The most well-documented case of this are Kindle readers, many of whom have taken to Amazon to savage new books whose publishers have delayed Kindle editions until after the hardcover is out. The most recent case of this is Michael Lewis’s The Big Short, but he’s far from the only one.
But it’s not just Kindle users. Merlin Mann notes with dismay how many reviewers of the new Blu-Ray releases of The Godfather Trilogy have harped on its grainy visuals, especially compared to newer releases:
Too dark, too overexposed, too red, too yellow, and waaaaaaaaaay too grainy, waaaaaah!!! complain a phalanx of disappointed 1080p fetishists, whose gold standard for cinema seems to be the director’s cut of Speed Racer…
Not to be a meta-snob, but I’m getting the impression that Blu-ray’s giant format and astoundingly clear resolution has begun breeding an aggressive new species of insane home theater nerd. With philosophical crazy uncles in our previous generations’ hi-fi hobbyists and reel-to-reel pedants, some of these folks seem way more into a good demo than a cohesive piece of art. And their dipshit reviews reflect that.
In the case of the early Godfather movies, the visual quality of the restoration is a combination of the film being older, the original negative and several early workprints being treated like crap, and cinematographer Gordon Willis having intentionally shot the movie dark as all hell. But this is context that many of the negative Amazon reviewers either don’t have or wouldn’t care about.

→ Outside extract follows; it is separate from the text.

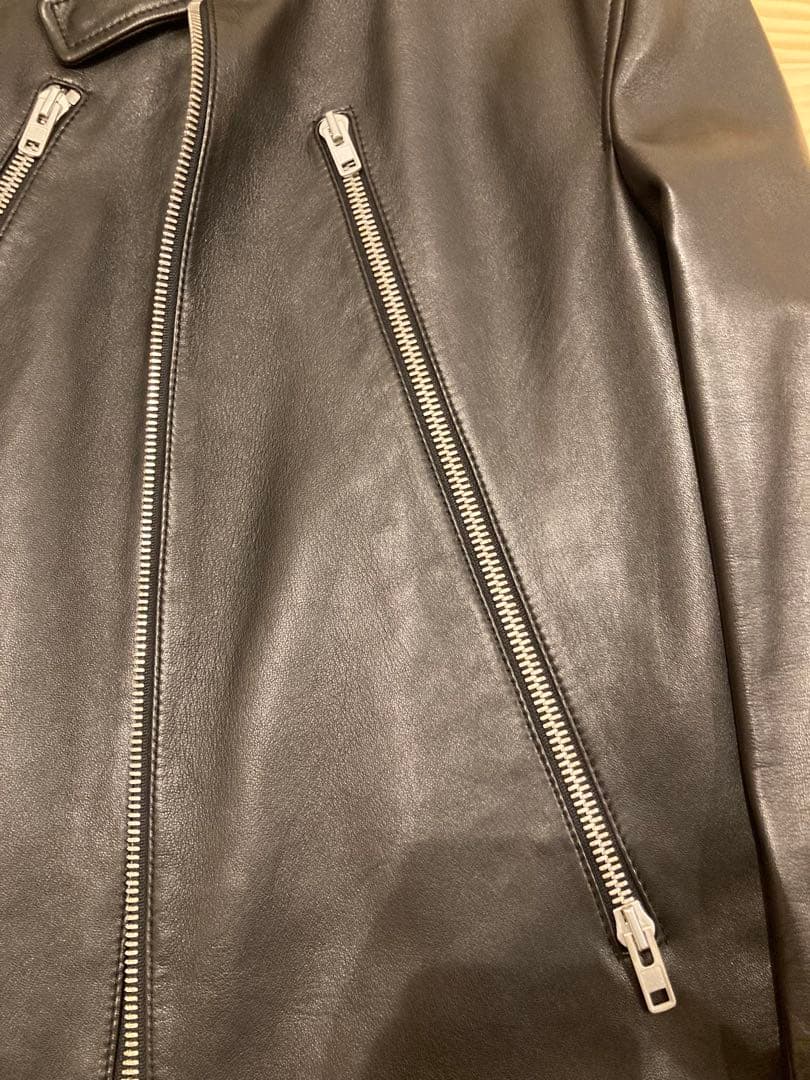 メゾンマルジェラ　5-ZIP LEATHER JACKET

I think this signals, though, what the real problem is. There is a mismatch between what some people (a subset of shoppers and amateur reviewers) are doing and what other people (another subset of shoppers, and most retailers) expect. Some people — and I think Alan Jacobs articulates this POV excellently — think that a review should be, above all, an intellectual and aesthetic engagement with the transcendent work, removed as much as possible from the immanent details of the attendant capitalist transaction. And I would say that this is a whole, established, totally legitimate, and culturally valuable genre of the review. It’s just that now it’s banging up against this other thing.
Print media has hosted lots of other kinds of reviews, too. It used to be pretty typical for a reviewer to comment on the moral effect (or danger) of a work — it’s less common now, but hasn’t gone away. And of course, there are the cheerleader, “I loved it/I hated it,” star-laden reviewers that don’t exactly probe deeply into a film’s texture, or show you how a film that everyone’s praising for its superficial virtues actually harbors deep flaws.
Over time, we’ve learned how to distinguish between these different kinds of reviews, and tailor our expectations accordingly. In the new regime of exploding media, where we find ourselves reading a review for a format that we can’t even use, that we’ve never even seen, where the recommendation algorithms haven’t figured out how to make distinctions quite so sophisticated, and where we still have this whole immanence/transcendence problem that’s dogged us for centuries to boot —
— Well, is it any wonder that we are all just a bit confused?